Yıkılan Binaların Müteahhitleri Tutuklanırken Yapı Denetimi Nerede Yapılır?
Geçen hafta 7,7 ve 7,6 büyüklüğünde iki depremle sarsılan Türkiye’de bilinen tüm gerçekler gözden geçiriliyor. Deprem gerçeğiyle yaşayabilmek için öncelikle bina güvenliği, sonra toplumsal bilinç ve son olarak bireysel hazırlıklar olmalı ama biz ilk adımda takılıp kalıyoruz. 30 binden fazla insanımızın yaşamını yitirdiği bu günlerde, fay hattı üzerindeki Türkiye nüfusunun yüzde 98’i tedirgin bir ruh hali içinde yaşamını sürdürmeye çalışıyor. Peki bunun bir çözümü yok mu? Evlerimizi güvende tutmaktan sadece müteahhitler mi sorumlu? Müteahhitleri kim denetliyor?
Türkiye, Avrupa ile Asya’nın buluştuğu ender bir konumda yer alırken ve jeopolitik konumumuzun yıllarca stratejik olduğu öğretilirken, afete hazırlık eğitim sisteminde geri planda kaldı.
İnşaat sektörü ekonominin can damarıdır.

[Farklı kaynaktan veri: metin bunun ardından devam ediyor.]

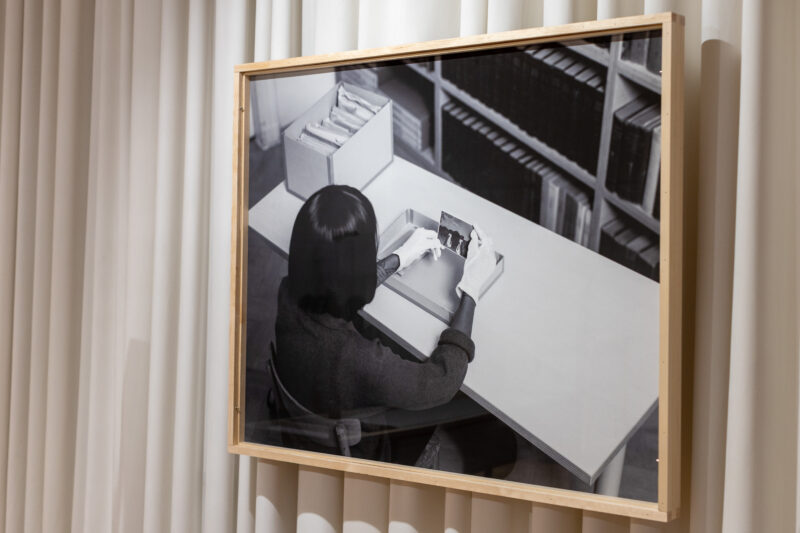 Fotografia Witka Orskiego „Kobieta ze zdjęciem”, wystawa „Wybielanie”. Na fotografii kobieta siedzi przy biurku i patrzy na zdjęcie.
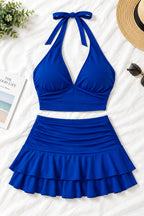 A woman modeling a royal blue two-piece halter set with a deep V-neck crop top and a ruffled mini skirt, shown in front and back views on a split background. A pink 'Diaou shop' logo is visible at the top, with contact details and 'Code:0120' at the bottom.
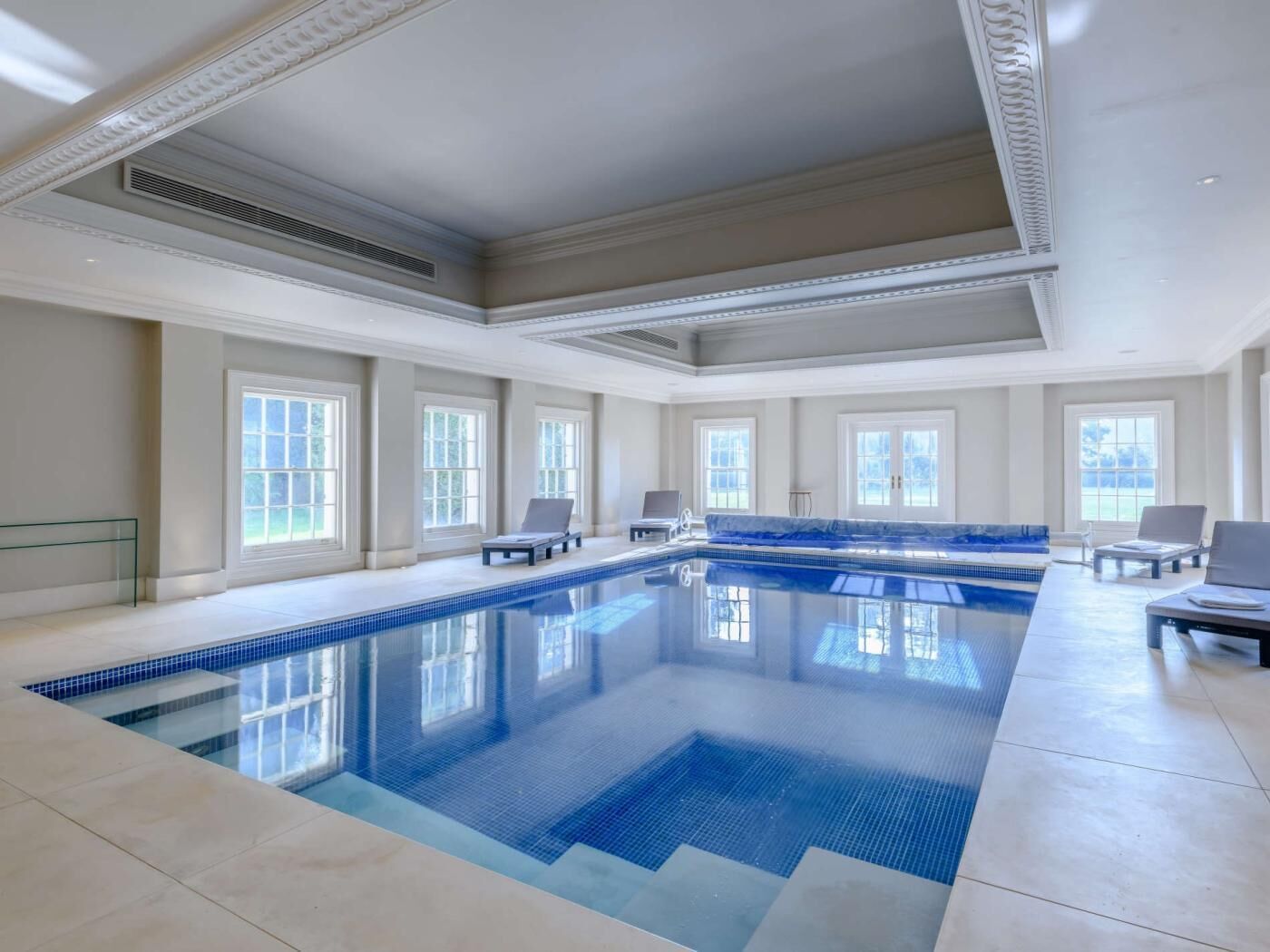 A large indoor swimming pool with clear blue water, surrounded by lounge chairs and large windows.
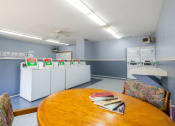 Thumbnail 7 of 23 - Communal laundry facility at Woodbridge Apartments
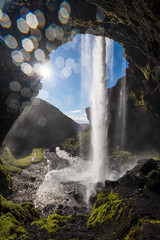 Picturesque waterfall Kvernufoss autumn view, southwest Iceland. Waterdrop and sun flares on lens.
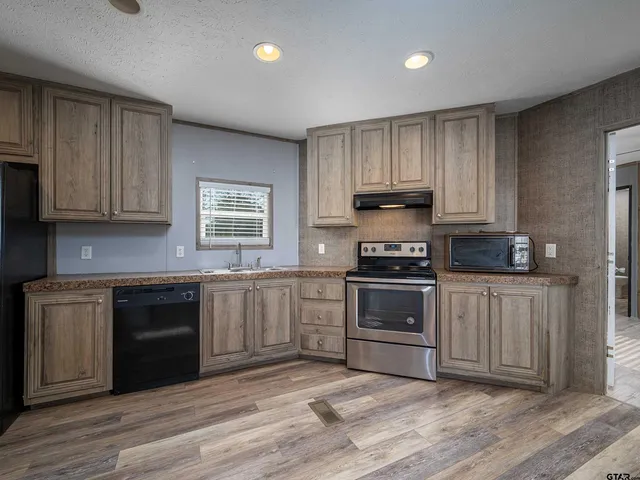 a kitchen with granite countertop a stove cabinets and wooden floor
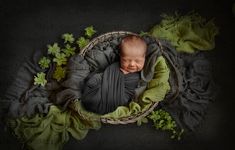 a newborn baby is wrapped in a blanket and laying on it's side with green leaves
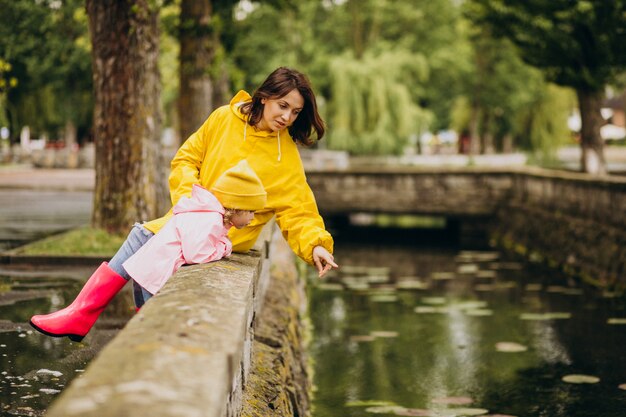 Mère et fille s'amusant dans le parc par temps de pluie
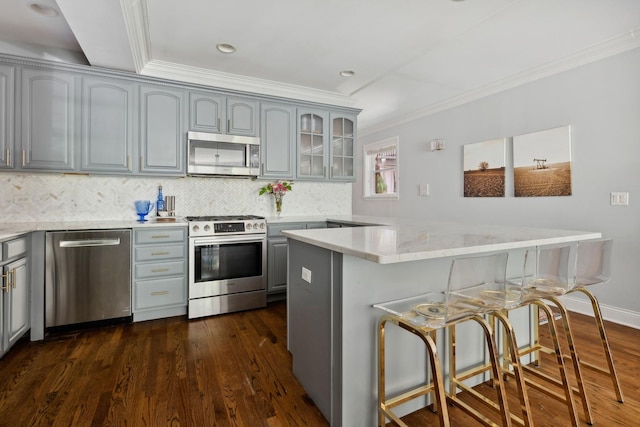 kitchen featuring stainless steel appliances, gray cabinetry, ornamental molding, and a breakfast bar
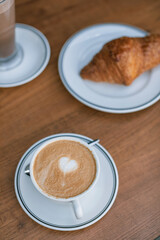 Overhead view of a cup of delicious cappuccino and a fresh croissant on a plate on a wooden table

Ancak şakaya gelmeyen, bu yönüyle de hiç düşünülmeyen yapılar Türkiye’de adeta sarsılarak sorgulanıyor.
10 ili etkileyen deprem felaketlerinin ardından tıpkı 24 yıl önce Veli Göçer’in sembol ismi gibi müteahhitler tutuklanmaya başlandı. Ancak 12 binden fazla bina yıkıldı, son tespitlere göre veriler bunlar, 24 bin 924 bina ağır hasar gördü, ayakta kalan binaların 120 bin 940 bağımsız bölümü şimdilik belirlenenlere göre yıkıldı.
Öncelikle yapı kontrol şirketlerinin bir inşaat sürecinin her aşamasında olduğunu öğreniyoruz. 2018 öncesi herhangi bir inşaat firması herhangi bir yapı kontrol firması ile çalışabiliyorken artık bu sistem bakanlığın atadığı yapı kontrol firması ile çalışmaya dönüşmüştür.
Buna ek sözlükte “bina denetimi” başlığında da rastlıyoruz.
Bir kişi bile yazmamış ?
Sistemi birkaç cümleyle özetleyenler var.
Sarsıntı süreleri uzun yıllar olduğu için bir binanın kontrolünde en değerli unsurun elektrik olduğunu öğrendik. Bunda elektriğin her an sorun çıkarabilmesinin de etkisi var.
Bir inşaat mühendisinin asıl amacının binayı inşa ederken hasarın istenilen bir durum olduğunu, ana taşıyıcı sistemin içindekilerin canlı tahliyesini sağlayacak şekilde ayakta kalması gerektiğini savunan bilirkişi, inşaat sektöründeki kar marjı bina maliyetlerine göre çok yüksek, müteahhitler yüzde 30’luk kar oranından memnun değil, yüzde 50 civarında kar edenlerin ise masraflarını karşıladığını düşündüğünü belirtiyor.
Bir binada demirin çok olması değil, demir bağlantılarının hatasız kullanılması değerli olmakla birlikte, 2000 yılından sonra 3 kez yönetmeliğin değiştiğini söyleyen uzmanımız, 2005 yılında yapılıp yıkılan bir binanın eski haline dönmüş olabileceğini sözlerine ekledi. yıkılmış olup, o dönemin yönetmeliğine göre üretimde bir yanlışlık olmadığı söylenebilir.
Yapılan hatalar 30 binden fazla kişinin evini mezara çevirdi. Bu durumda sadece müteahhitlerin sembol olması gerçekten işin içinde olanların kabul edemeyeceği bir durum olarak görülüyor.